Traditional data centers have a relatively static computing infrastructure: “X” number of servers, each having a set number of CPUs, and fixed amount of memory. However, workloads, especially in commercial data centers, vary. For example, the sweet spot of data-center operation is having enough resources to cover peak demand, yet not under-utilize those same resources during non-peak conditions.
Currently, data-center operators error on the safe side, spending the money to keep under- or non-utilized servers in the active pool. It is the only way to ensure their customers have adequate service during times of high demand. That kind of insurance can get expensive.
The disaggregated data center
Disaggregation by definition means “separation into components.” Separating data-center equipment, in particular servers, into resource components offers operators flexibility: increasing their chances of covering times of high demand while ensuring optimal utilization.
One method of data-center disaggregation — divorcing software from computing and networking hardware — is already well underway. Doing so moves control of resource utilization in the right direction, but not far enough.
Doing it right, according to experts (here and here), requires replacing traditional server-centric architecture with resource-centric architecture (modular, connected pools of microprocessors, memory, and storage). The modular arrangement allows, among other advantages, statistical multiplexing: which markedly improves resource provisioning and resource utilization.
As good as disaggregation sounds, we must not forget using discrete resource pools means developing interconnections that were previously contained on the server motherboard. Is that even possible? We know that PC-board electrical interconnections are close to being maxed out physically and electronically.
Replace electrons with photons
The science of photonics may have the answer. Wikipedia describes photonics as “a research field whose goal is to use light to perform functions that traditionally fell within the typical domain of electronics such as telecommunications and information processing.”
Photons are already used to disseminate traffic from data center racks to the rest of the digital world, and researchers are finding ways to replace electrical signals all the way to the processor silicon. So, why not use fiber-optic runs to interconnect the resource pools?
Ask the experts
Answering that question was on the mind of members of OSA (The Optical Society)Industry Development Associates and the Center for Integrated Access Networks when the organizations hosted a workshop focused on how photonics may facilitate data-center disaggregation. The workshop and ensuing paper Roadmap Report on Photonics for Disaggregated Data Centers Workshop were sponsored by the US National Science Foundation.
The workshop planners were also hoping to answer the following:
- How can optics enable a migration to disaggregation?
- What does a photonics-enabled disaggregated data center look like?
- What performance metrics/requirements are important for photonics in disaggregated data centers?
To learn more about the workshop, I contacted Dr. Tom Hausken, senior adviser at The Optical Society and lead author of the paper. Hausken mentioned that disaggregation offered improved efficiency and increased capacity, but the benefits are limited by the cost and performance of the photonic interconnections. “Latency requirements, in particular, impose hard limits on distances over which certain resources can be disaggregated,” said Hausken. “The question then becomes how far away can the resources be located?”
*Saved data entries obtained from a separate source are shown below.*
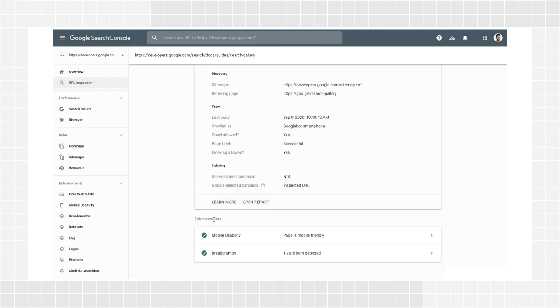In the Enhancements section, you'll find any structured data details, along with AMP and mobile usability warnings and errors. For example, if your page is not marked up properly with structured data, the inspection will return an error detailing the missing or wrong values. You can watch the Inspect URL episode in this series to learn how to use the tool to debug and fix any issues you find.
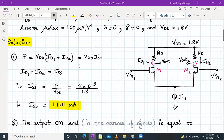ISS equals power divided by VDD. Power is 2 milliwatt and VDD is 1.8 V, so ISS = 2 mW / 1.8 V = 1.111 mA. In the first step, we found the value of ISS.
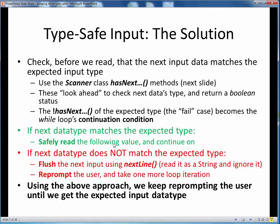But if our scouting report tells us that the next piece of data does not match the expected data type, as long as this continuation condition is true, we flush that next input by reading it anyway as a string using nextLine. We dump it on the ground and ignore it. Then we come back around in our while loop to reprompt the user and try again. Using this approach, we can keep dogging the user until they finally enter some data of the expected data type.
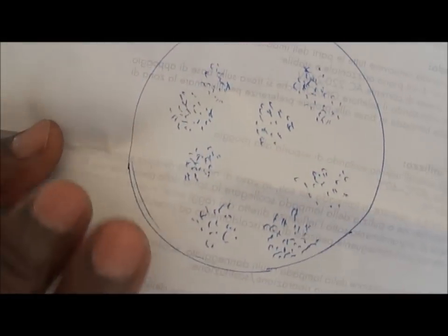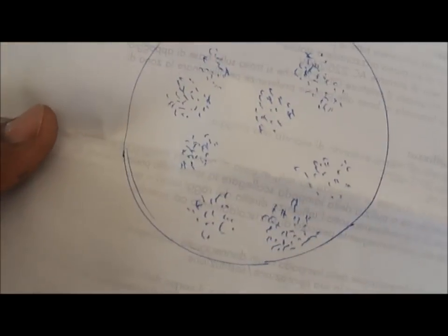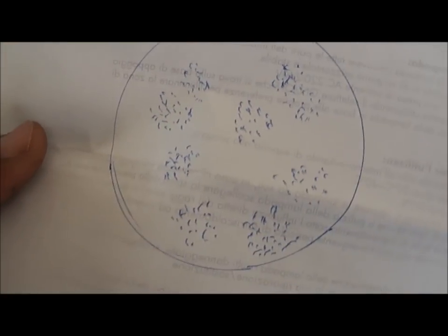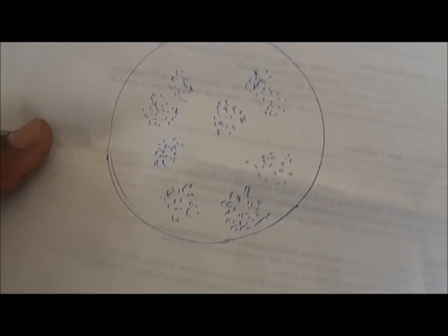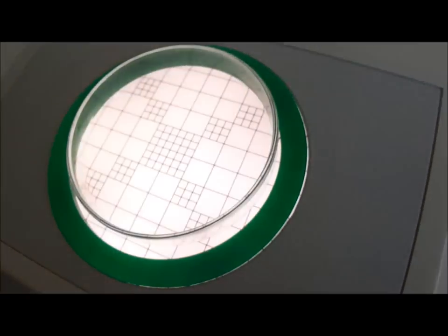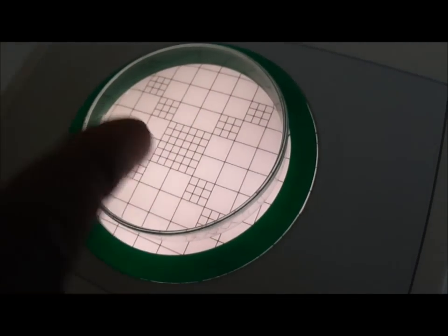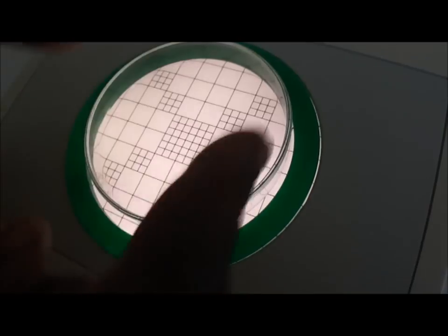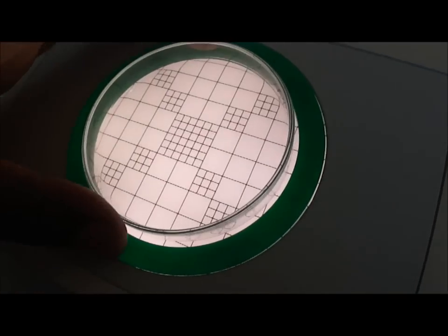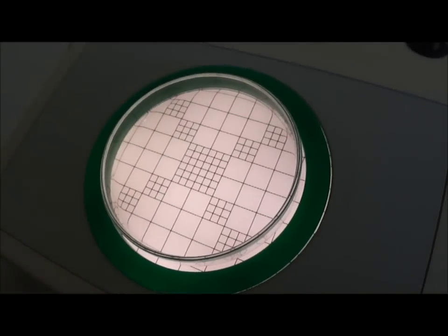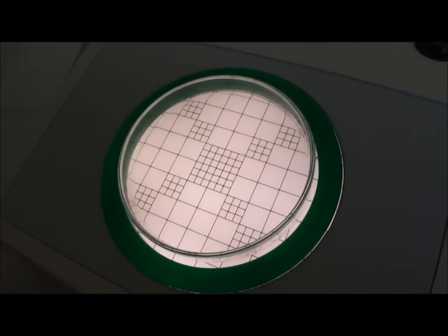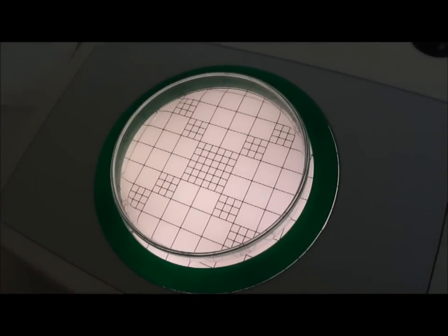And to make it easier, sometimes more, much more densified than this, and then it's difficult to count. And then you put this on the top, and since the petri dish is transparent, you can see the colonies inside, and you have these squares inside that will make your counting easier.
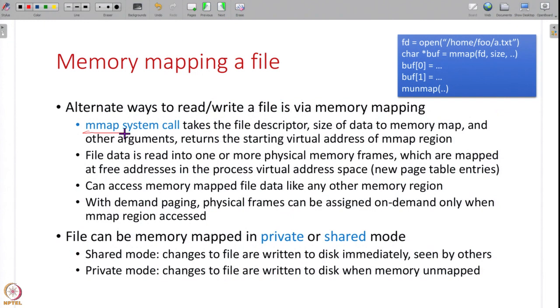The reason we are discussing file reading and writing now is that there is a different way to access a file that involves the mmap system call, which is related to memory management. So there is an alternate way to read or write a file — using mmap instead of read/write system calls. You open a file and then memory-map that file into the address space of the program.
Hausken then talked about one of the key takeaways derived from the workshop. “The workshop attendees were optimistic about fiber-optic interconnects replacing electrical cables everywhere except on the rack shelf,” he said. “Optics will out compete electrical interconnects for links that enable disaggregation if optics can hit the metrics of cost, performance, and size.”
The following graph lists the aforementioned metrics.
The report when on to discuss how the four links — on-board, backplane/intra-rack, intra-data center/inter-rack, and inter-data center — fit into data-center disaggregation:
On-Board (CPU to CPU and memory bus): The board contains the server or servers, and connects to the backplane. On-board bus disaggregation means pools of CPU and/or memory clustered separately on the board or some type of module.
Backplane/Intra-Rack (memory bus): The backplane connects everything in the rack to the Top of Rack switch. “Disaggregating across the backplane would involve pooling one or more boards around a technology such as processors, memory, or storage,” added the paper. “An example would be alternating boards of CPU-only and memory-only hardware.”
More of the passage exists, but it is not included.